▸ TASK STATEMENT:
Reply with each record repeated exactly.

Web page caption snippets
———
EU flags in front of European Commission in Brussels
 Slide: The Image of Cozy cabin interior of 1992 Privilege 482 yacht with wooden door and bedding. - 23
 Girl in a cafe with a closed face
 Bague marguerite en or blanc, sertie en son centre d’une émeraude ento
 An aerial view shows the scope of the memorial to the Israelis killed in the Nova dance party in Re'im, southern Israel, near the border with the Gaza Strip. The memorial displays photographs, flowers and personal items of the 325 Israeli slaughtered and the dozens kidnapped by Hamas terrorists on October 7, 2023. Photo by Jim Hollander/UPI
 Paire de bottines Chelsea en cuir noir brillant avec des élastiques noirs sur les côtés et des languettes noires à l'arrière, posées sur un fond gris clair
———
▸ ANSWER BOX:
EU flags in front of European Commission in Brussels
 Slide: The Image of Cozy cabin interior of 1992 Privilege 482 yacht with wooden door and bedding. - 23
 Girl in a cafe with a closed face
 Bague marguerite en or blanc, sertie en son centre d’une émeraude ento
 An aerial view shows the scope of the memorial to the Israelis killed in the Nova dance party in Re'im, southern Israel, near the border with the Gaza Strip. The memorial displays photographs, flowers and personal items of the 325 Israeli slaughtered and the dozens kidnapped by Hamas terrorists on October 7, 2023. Photo by Jim Hollander/UPI
 Paire de bottines Chelsea en cuir noir brillant avec des élastiques noirs sur les côtés et des languettes noires à l'arrière, posées sur un fond gris clair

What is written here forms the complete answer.